───── Input for this task

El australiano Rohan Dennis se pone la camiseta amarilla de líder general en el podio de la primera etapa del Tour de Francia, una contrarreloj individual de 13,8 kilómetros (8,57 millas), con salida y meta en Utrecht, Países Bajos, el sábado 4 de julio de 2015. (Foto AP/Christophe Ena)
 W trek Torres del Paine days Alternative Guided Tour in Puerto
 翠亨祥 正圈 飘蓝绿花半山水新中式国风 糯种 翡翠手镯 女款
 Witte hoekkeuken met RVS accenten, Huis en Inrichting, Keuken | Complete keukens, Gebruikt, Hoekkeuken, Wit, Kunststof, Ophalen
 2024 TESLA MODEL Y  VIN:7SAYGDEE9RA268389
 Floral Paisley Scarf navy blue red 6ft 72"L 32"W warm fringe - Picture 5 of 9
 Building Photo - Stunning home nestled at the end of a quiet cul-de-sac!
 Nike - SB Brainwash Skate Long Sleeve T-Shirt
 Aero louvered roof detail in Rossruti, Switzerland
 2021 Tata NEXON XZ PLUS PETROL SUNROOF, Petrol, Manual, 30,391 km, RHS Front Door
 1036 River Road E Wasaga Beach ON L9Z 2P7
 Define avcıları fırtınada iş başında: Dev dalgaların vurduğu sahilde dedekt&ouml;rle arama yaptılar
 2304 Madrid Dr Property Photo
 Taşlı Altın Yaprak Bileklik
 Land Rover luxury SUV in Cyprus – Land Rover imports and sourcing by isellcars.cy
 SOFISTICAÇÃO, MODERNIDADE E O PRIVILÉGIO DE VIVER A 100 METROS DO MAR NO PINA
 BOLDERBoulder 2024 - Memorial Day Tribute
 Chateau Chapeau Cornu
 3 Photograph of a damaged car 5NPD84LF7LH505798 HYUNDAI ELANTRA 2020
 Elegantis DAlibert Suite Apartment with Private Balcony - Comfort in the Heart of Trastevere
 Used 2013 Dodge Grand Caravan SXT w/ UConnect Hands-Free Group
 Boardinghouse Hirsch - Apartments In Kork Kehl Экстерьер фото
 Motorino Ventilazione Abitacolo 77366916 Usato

──────────

• [Work to be completed]: Read the entries and show each line that mentions "Tour".

• [Response area]:
El australiano Rohan Dennis se pone la camiseta amarilla de líder general en el podio de la primera etapa del Tour de Francia, una contrarreloj individual de 13,8 kilómetros (8,57 millas), con salida y meta en Utrecht, Países Bajos, el sábado 4 de julio de 2015. (Foto AP/Christophe Ena)
 W trek Torres del Paine days Alternative Guided Tour in Puerto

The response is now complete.